U.S. Pat. No. 5,107,921 proposes transfer line exchangers having multiple tube passes of different tube diameters. U.S. Pat. No. 4,457,364 proposes a close-coupled transfer line heat exchanger unit.
U.S. Pat. No. 3,923,921 proposes a naphtha steam cracking process comprising passing effluent through a transfer line exchanger to cool the effluent and thereafter through a quench tower.
WO 93/12200 proposes a method for quenching the gaseous effluent from a hydrocarbon pyrolysis unit by passing the effluent through transfer line heat exchangers and then quenching the effluent with liquid water so that the effluent is cooled to a temperature in the range of 105° C. to 130° C. (221° F. to 266° F.), such that heavy oils and tars condense, as the effluent enters a primary separation vessel.

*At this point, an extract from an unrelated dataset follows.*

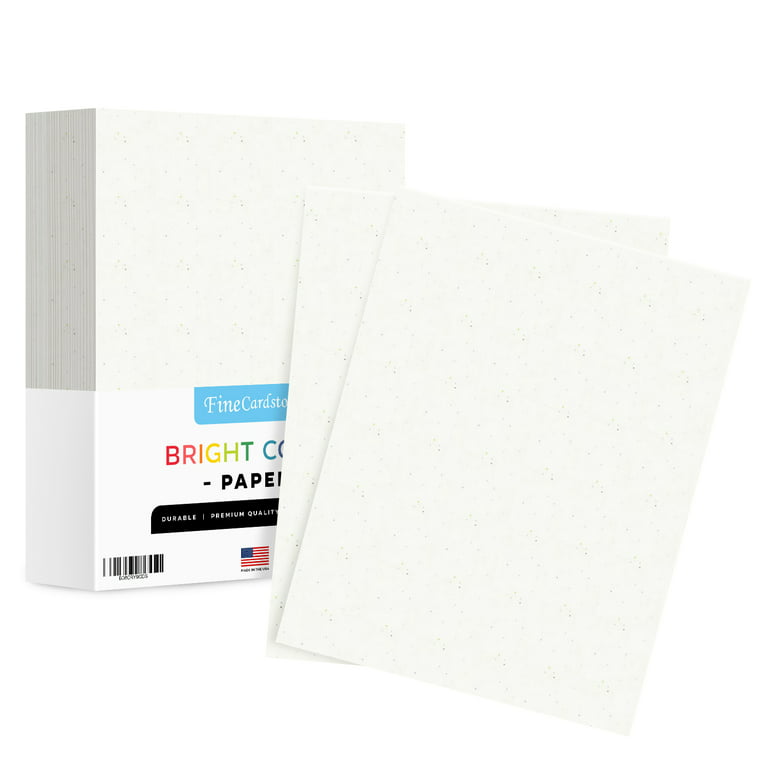 Green Bright Color Paper, 24lb Bond (90GSM), 8.5 x 11, 500 Sheets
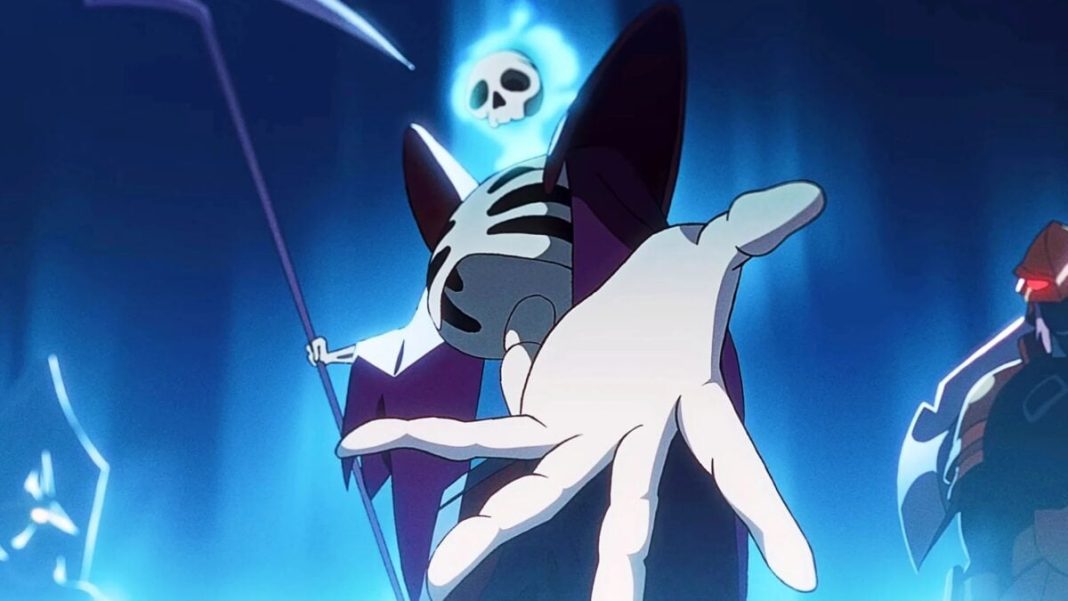 Slay The Spire 2 Official Trailer Image Necrobinder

The condensed oils and tars are separated from the gaseous effluent in the primary separation vessel and the remaining gaseous effluent is passed to a quench tower where the temperature of the effluent is reduced to a level at which the effluent is chemically stable.
EP 205 205 proposes a method for cooling a fluid such as a cracked reaction product by using transfer line exchangers having two or more separate heat exchanging sections.
JP 2001-40366 proposes cooling mixed gas in a high temperature range with a horizontal heat exchanger and then with a vertical heat exchanger having its heat exchange planes installed in the vertical direction. A heavy component condensed in the vertical exchanger is thereafter separated by distillation at downstream refining steps.
WO 00/56841; GB 1,390,382; GB 1,309,309; and U.S. Pat. Nos. 4,444,697; 4,446,003; 4,121,908; 4,150,716; 4,233,137; 3,923,921; 3,907,661; and 3,959,420; propose various apparatus for quenching a hot cracked gaseous stream wherein the hot gaseous stream is passed through a quench pipe or quench tube wherein a liquid coolant (quench oil) is injected.